I think, my problem is that for every different 'params' vector I get different 'ppts' vector, not only single value, and I don't know if solve_least_squares function can match my example.
I must calculate residual for every point. I think, my 'list' from aforementioned link should be something like this:
(ppts[i].x - dstpoints[i].x, ppts[i].y - dstpoints[i].y, ppts[i+1].x - dstpoints[i+1].x, ppts[i+1].y - dstpoints[i+1].y, etc.)

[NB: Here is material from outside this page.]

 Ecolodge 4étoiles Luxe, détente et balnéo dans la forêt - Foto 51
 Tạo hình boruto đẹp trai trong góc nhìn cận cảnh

, where 'ppts' vector depends on 'params' vector and then this problem can be solved with least squares algorithm. I don't know how to create data_samples with these assumptions, because it requires dlib::input_vector for every sample, as it is shown in example: http://dlib.net/least_squares_ex.cpp.html.
Am I thinking right?
I'm doing the same thing this days. My solution is writing a Powell Class by myself. It works, but really slowly. The program takes 2 minutes in dewarping linguistics_thesis.jpg.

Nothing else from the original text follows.